(Data in this exercise):
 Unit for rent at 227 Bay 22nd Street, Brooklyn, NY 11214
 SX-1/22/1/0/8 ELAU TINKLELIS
...
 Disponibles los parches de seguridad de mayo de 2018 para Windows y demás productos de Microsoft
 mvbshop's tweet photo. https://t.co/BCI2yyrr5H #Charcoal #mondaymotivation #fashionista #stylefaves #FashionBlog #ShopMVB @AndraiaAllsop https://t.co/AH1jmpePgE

(What the exercise asks):
Above are the entries. Copy exactly the part that opens with the line containing "Disponibles los parches" and closes with the line containing "mvbshop's tweet photo.", and no more.

(Task response):
 Disponibles los parches de seguridad de mayo de 2018 para Windows y demás productos de Microsoft
 mvbshop's tweet photo. https://t.co/BCI2yyrr5H #Charcoal #mondaymotivation #fashionista #stylefaves #FashionBlog #ShopMVB @AndraiaAllsop https://t.co/AH1jmpePgE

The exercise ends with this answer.